Ahead of a looming budget deadline, the Irish government is working to create a plan to “save 15 billion euros ($20.5 billion) in savings,” Bloomberg reports. A survey conducted by Bloomberg, before this joint statement, shows investors have serious debts that Ireland can avoid default. 51% of respondents in the survey say “they regard a default as likely, compared with 42 percent who say it is unlikely. The ranks of those anticipating an Irish default have tripled since a poll in June,” according to Bloomberg.
The EU and IMF “are going to come to their rescue,” says Michael Pento, senior economist with Euro Pacific Capital. “But, can they bail out Europe, Japan and the U.S.?"
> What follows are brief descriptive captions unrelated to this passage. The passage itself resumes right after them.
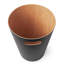 Woodrow Small Bin - Open Wood Waste Basket for Office, Bedroom, Bathroom, 2.25 Gallons-188341192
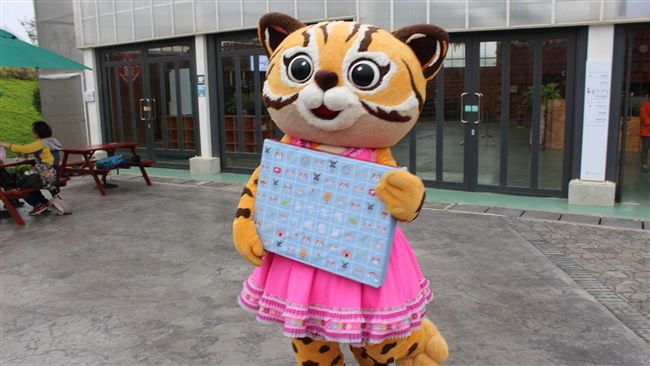 花博倒數　石虎姐姐壓軸秀舞技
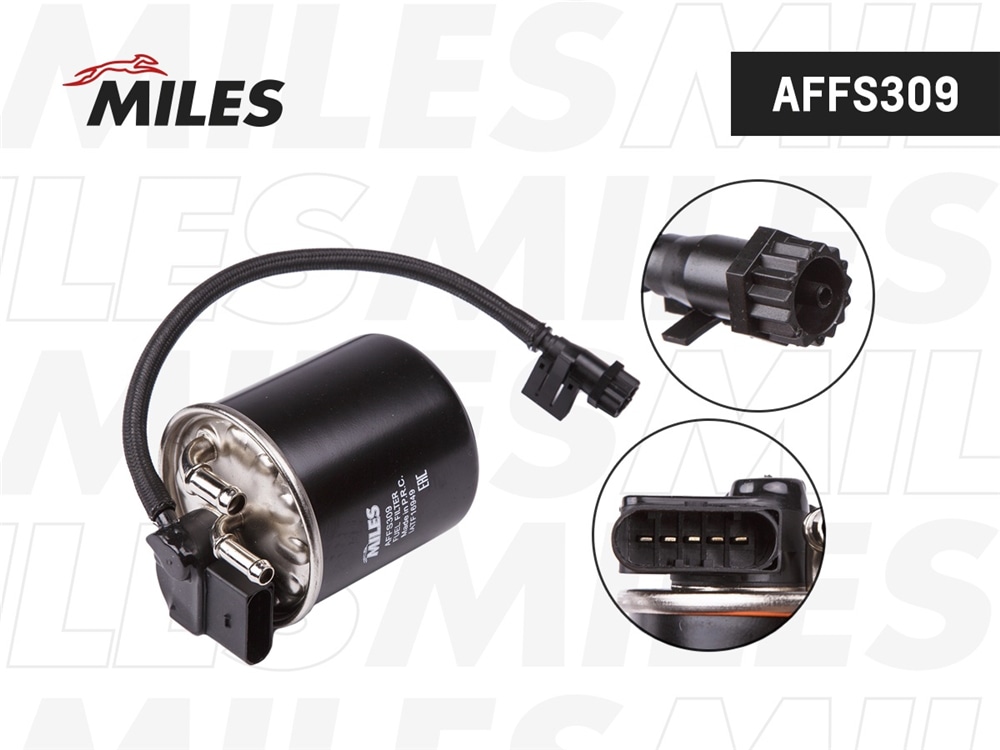 MILES AFFS309 Фильтр топливный MB W204/212/221/906/639 DIESEL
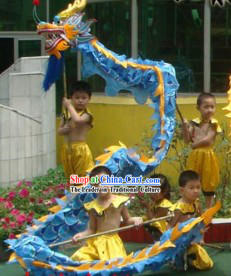 7 Meters 6 Students Dragon Dance Costumes Complete Set Free Worldwide Delivery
That's the rub, says Pento. The sovereign debt crisis doesn’t end with Ireland or Europe’s other 'PIIGS' - eventually there won't be enough money to bailout out the big boys. As Minyanville's Todd Harrison is fond of saying, "who will rescue the lifeguards?"
U.S., Japan Next In Line?
Japan will likely be next to suffer a bond crisis, Pento tells Aaron in the accompanying clip. “Their savings rate has plummeted from 15% to 2%. Very soon they’re going to have to tap outside sources other than the Japanese to finance their debt," Pento explains. "That’s when interest rates soar and that’s when they become insolvent.”
A close second behind Japan in the race to a debt crisis is the U.S., Pento concludes. "We have negative real interest rates, inflation that is growing, debt that is soaring, and a dollar that is chronically weak." That equation adds up to U.S. debt situation that is "untenable."
Still, investors who have made similar dire predictions over the last two-plus decades have been burnt shorting the government debt of Japan and the U.S., as Aaron points out and Pento concedes. “I’ve been calling for a bond bubble for about a year. And, I’ve been wrong,” he says. “It just means when the bubble bursts, it will be a catastrophe."
Until that "catastrophe" Pento’s advice is simple: avoid sovereign debt and keep buying gold. As long as interest rates are artificially low, Pento says, gold prices will continue to hit new records.